## Computer Vision (Coding L2)

This aim of this challenge to assess your skills in applying creative and quantitative computer vision and deep learning techniques to measuring the location and diameters of a subject’s pupils and iris from a cropped eye image.

Included here are 500 random images from our Training dataset:

https://www.dropbox.com/sh/wsxpcjcr0f4exg4/AAC8yyF0Q8qFHLmvw07QlAcUa?dl=0


The challenge is specifically as follows:
- Estimate the average diameter (in pixels) of both a) the pupil and b) the iris in each image.
- Alternatively, you can treat these objects as ellipses and estimate the major and minor axes.
- Train a deep learning model with these images and demonstrate the model’s performance on the testing images provided in the link.
- The same approach must be applied to each image.
- You may choose to implement any state-of-the-art model and may also use pre-trained weights to speed up the training process.
- We are interested in seeing how different your approach is from an existing off-the-shelf model, catering to our problem.
- We will go through the code to understand your implementation in depth and to get a sense of your coding style.
- The challenge will be assessed by maximizing accuracy of the inferred diameter across the provided testing images.
- Due: Within 7 days from this email.


### Notes:
The provided mask images contain 3 channels. You may select any channel to access pupil and iris co-ordinates. In any selected channel, pixel values with '0' correspond to the background class, pixels with value '1' correspond to the pupil and '2' refers to the iris class.

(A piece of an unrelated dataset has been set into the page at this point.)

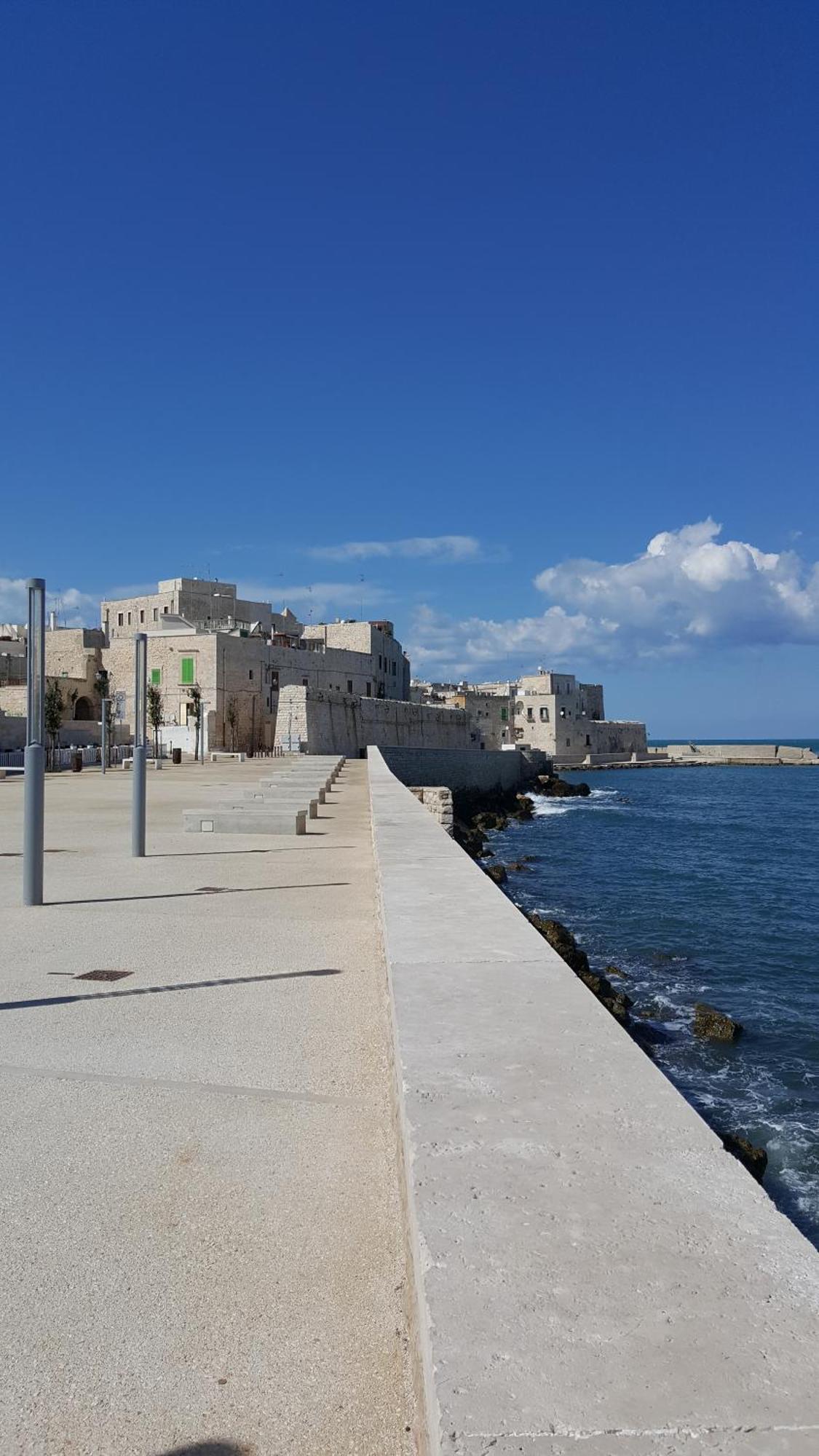 Casa Bianca Apartment Giovinazzo Ngoại thất bức ảnh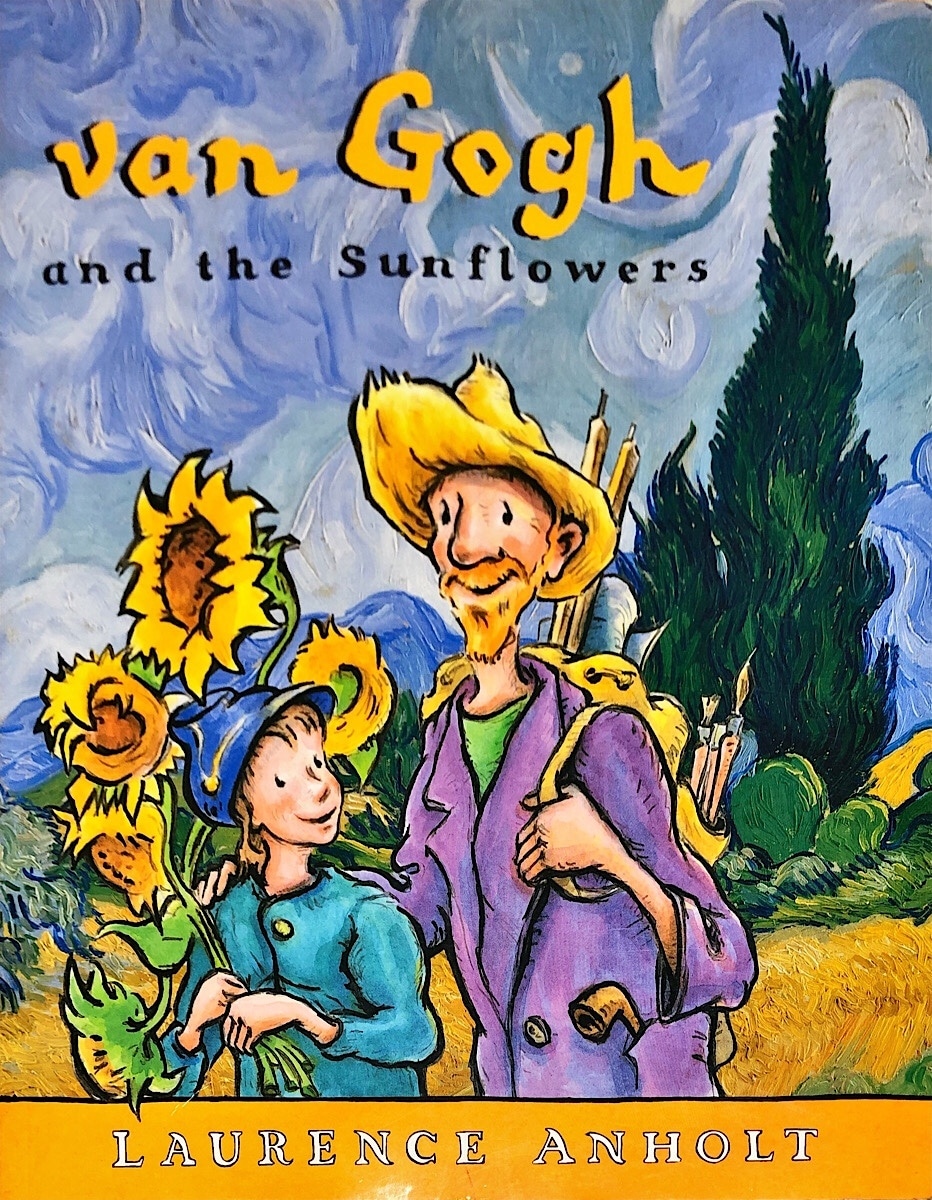 Van Gogh and the Sunflowers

### Metrics to implement (6 in total):

• Mean % Pupil diameter error = Absolute(Predicted_pupil_diameter – Groundtruth_pupil_diameter) / Groundtruth_pupil_diameter * 100
[2 in total: using radiusY and radius for the pupil]

• Mean % Iris diameter error = Absolute(Predicted_iris_diameter – Groundtruth_iris_diameter) / Groundtruth_iris_diameter * 100
[2 in total: using radiusY and radius for the iris]

• Mean Pupil IoU (0 to 1)

• Mean Iris IoU (0 to 1)

An example of a cropped eye image and its’ corresponding segmentation mask is shown below.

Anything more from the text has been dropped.